*** Opening Given records ***

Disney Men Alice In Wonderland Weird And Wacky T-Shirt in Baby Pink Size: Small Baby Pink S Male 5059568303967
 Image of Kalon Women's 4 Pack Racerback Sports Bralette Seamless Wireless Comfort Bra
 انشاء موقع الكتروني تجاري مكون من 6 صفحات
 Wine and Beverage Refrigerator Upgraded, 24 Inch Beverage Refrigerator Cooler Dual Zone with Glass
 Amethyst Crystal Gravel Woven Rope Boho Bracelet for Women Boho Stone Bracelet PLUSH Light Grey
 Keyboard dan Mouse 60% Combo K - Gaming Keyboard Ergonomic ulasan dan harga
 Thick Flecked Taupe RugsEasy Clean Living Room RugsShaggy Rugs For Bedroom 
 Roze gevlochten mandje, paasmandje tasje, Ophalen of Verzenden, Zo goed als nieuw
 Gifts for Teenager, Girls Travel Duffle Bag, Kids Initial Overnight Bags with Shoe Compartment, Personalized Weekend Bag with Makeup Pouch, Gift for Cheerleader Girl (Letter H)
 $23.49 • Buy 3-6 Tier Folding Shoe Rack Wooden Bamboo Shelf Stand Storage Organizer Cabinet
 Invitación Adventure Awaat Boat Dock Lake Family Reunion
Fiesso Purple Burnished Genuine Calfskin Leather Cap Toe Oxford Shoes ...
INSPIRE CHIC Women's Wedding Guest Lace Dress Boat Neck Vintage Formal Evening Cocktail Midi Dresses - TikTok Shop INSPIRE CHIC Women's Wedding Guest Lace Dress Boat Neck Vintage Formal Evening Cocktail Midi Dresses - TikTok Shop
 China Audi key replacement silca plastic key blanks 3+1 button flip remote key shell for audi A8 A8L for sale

*** Closing Given records ***

[Task directions]: Return the listing above in its exact form.

[Solution for this problem]:
Disney Men Alice In Wonderland Weird And Wacky T-Shirt in Baby Pink Size: Small Baby Pink S Male 5059568303967
 Image of Kalon Women's 4 Pack Racerback Sports Bralette Seamless Wireless Comfort Bra
 انشاء موقع الكتروني تجاري مكون من 6 صفحات
 Wine and Beverage Refrigerator Upgraded, 24 Inch Beverage Refrigerator Cooler Dual Zone with Glass
 Amethyst Crystal Gravel Woven Rope Boho Bracelet for Women Boho Stone Bracelet PLUSH Light Grey
 Keyboard dan Mouse 60% Combo K - Gaming Keyboard Ergonomic ulasan dan harga
 Thick Flecked Taupe RugsEasy Clean Living Room RugsShaggy Rugs For Bedroom 
 Roze gevlochten mandje, paasmandje tasje, Ophalen of Verzenden, Zo goed als nieuw
 Gifts for Teenager, Girls Travel Duffle Bag, Kids Initial Overnight Bags with Shoe Compartment, Personalized Weekend Bag with Makeup Pouch, Gift for Cheerleader Girl (Letter H)
 $23.49 • Buy 3-6 Tier Folding Shoe Rack Wooden Bamboo Shelf Stand Storage Organizer Cabinet
 Invitación Adventure Awaat Boat Dock Lake Family Reunion
Fiesso Purple Burnished Genuine Calfskin Leather Cap Toe Oxford Shoes ...
INSPIRE CHIC Women's Wedding Guest Lace Dress Boat Neck Vintage Formal Evening Cocktail Midi Dresses - TikTok Shop INSPIRE CHIC Women's Wedding Guest Lace Dress Boat Neck Vintage Formal Evening Cocktail Midi Dresses - TikTok Shop
 China Audi key replacement silca plastic key blanks 3+1 button flip remote key shell for audi A8 A8L for sale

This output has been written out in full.